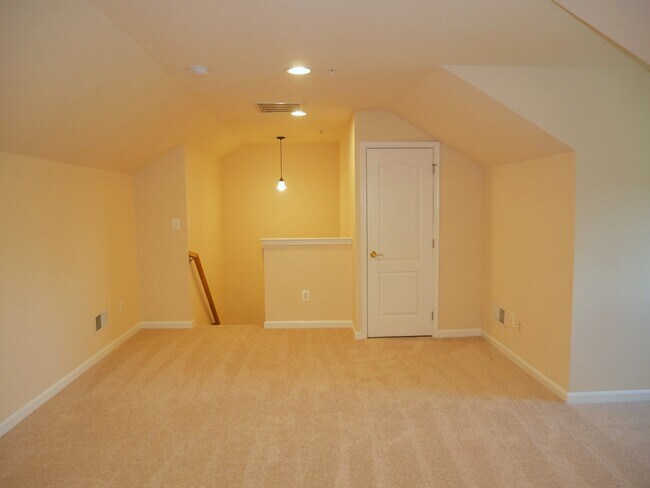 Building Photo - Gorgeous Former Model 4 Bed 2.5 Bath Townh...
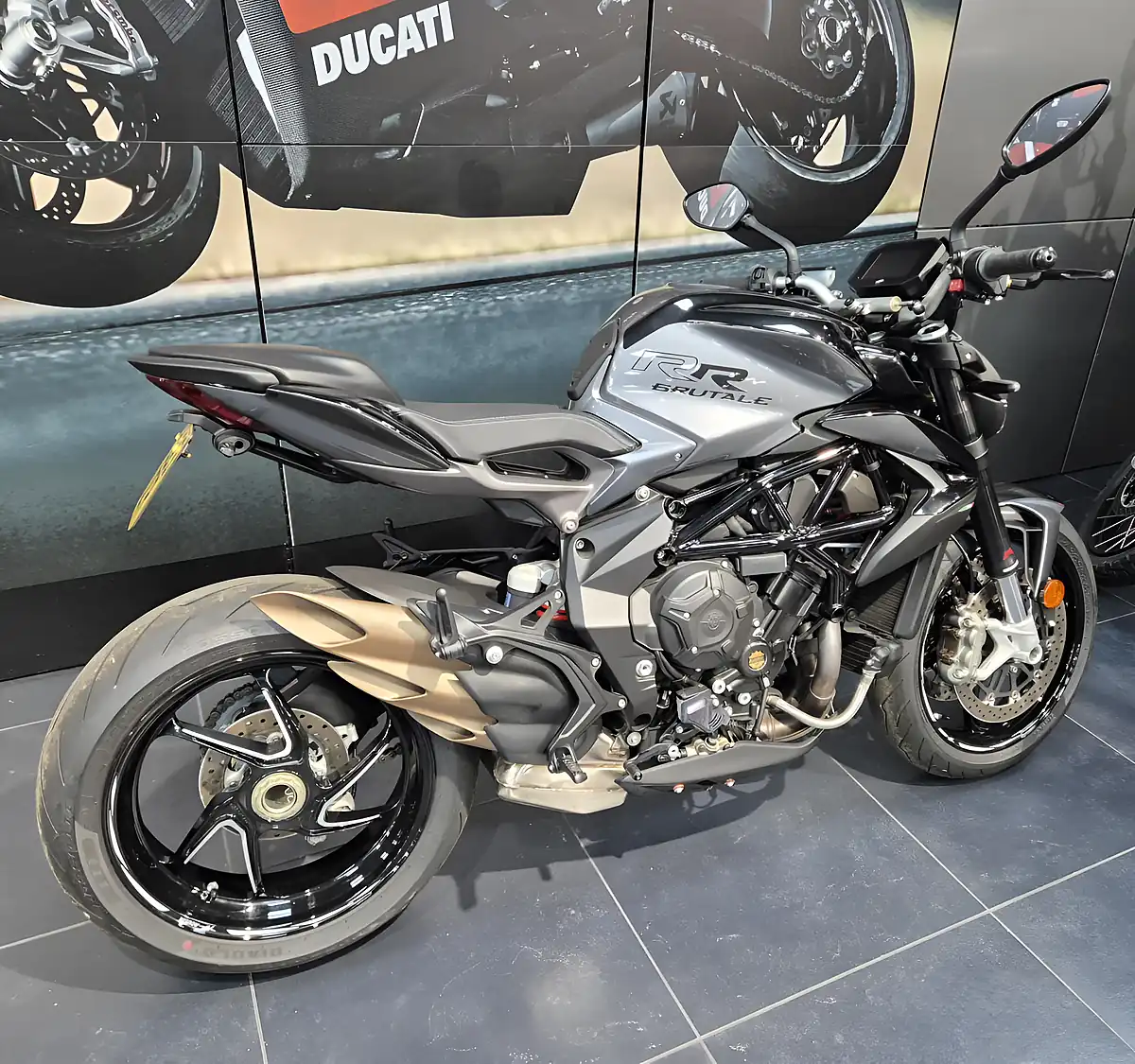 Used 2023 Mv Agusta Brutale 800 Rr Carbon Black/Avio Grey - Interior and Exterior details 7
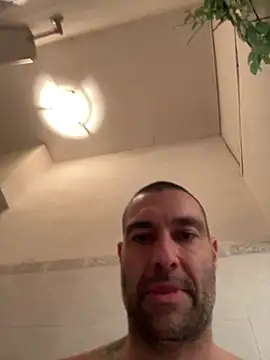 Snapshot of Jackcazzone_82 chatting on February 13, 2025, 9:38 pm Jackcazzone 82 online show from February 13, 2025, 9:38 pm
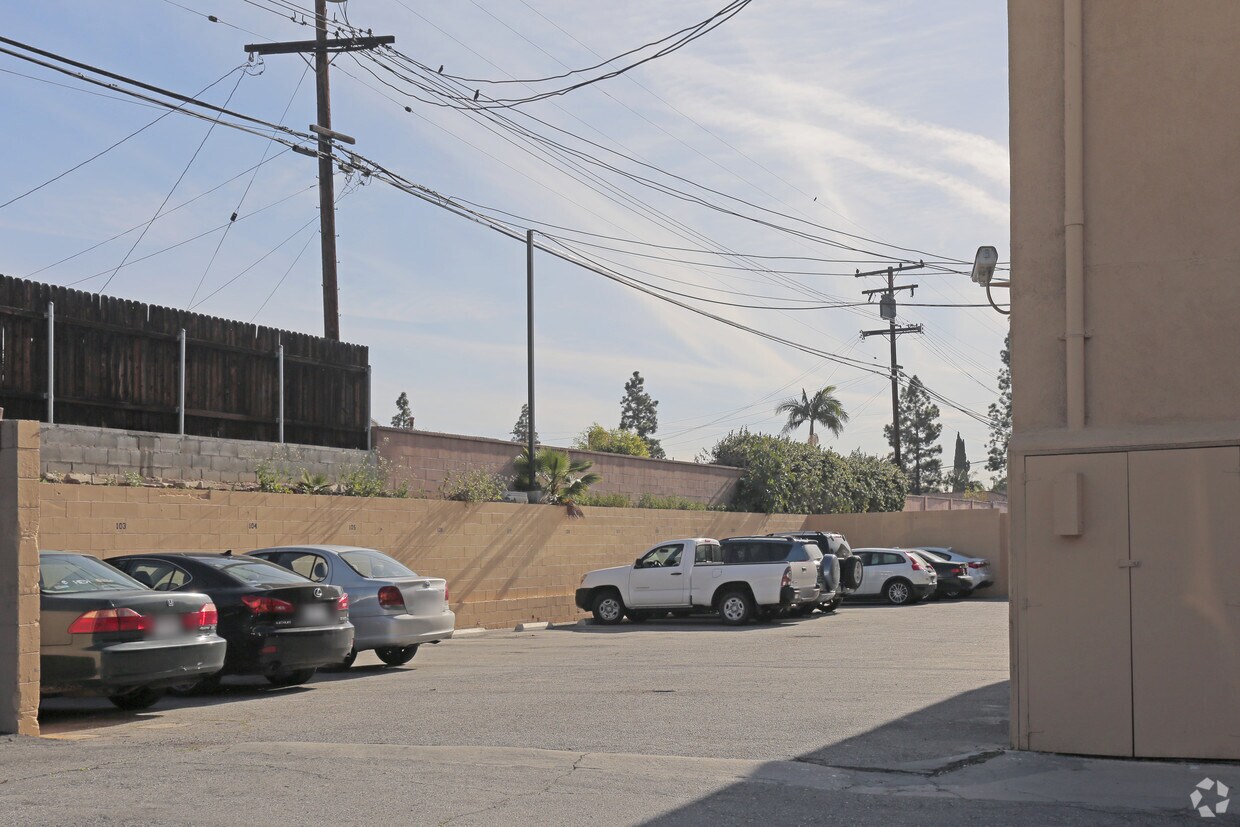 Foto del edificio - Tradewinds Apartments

## Problem to work on
Transcribe the whole listing exactly. Pictures stay out of your copy.

## Problem solution
 Building Photo - Gorgeous Former Model 4 Bed 2.5 Bath Townh...
 Used 2023 Mv Agusta Brutale 800 Rr Carbon Black/Avio Grey - Interior and Exterior details 7
 Snapshot of Jackcazzone_82 chatting on February 13, 2025, 9:38 pm Jackcazzone 82 online show from February 13, 2025, 9:38 pm
 Foto del edificio - Tradewinds Apartments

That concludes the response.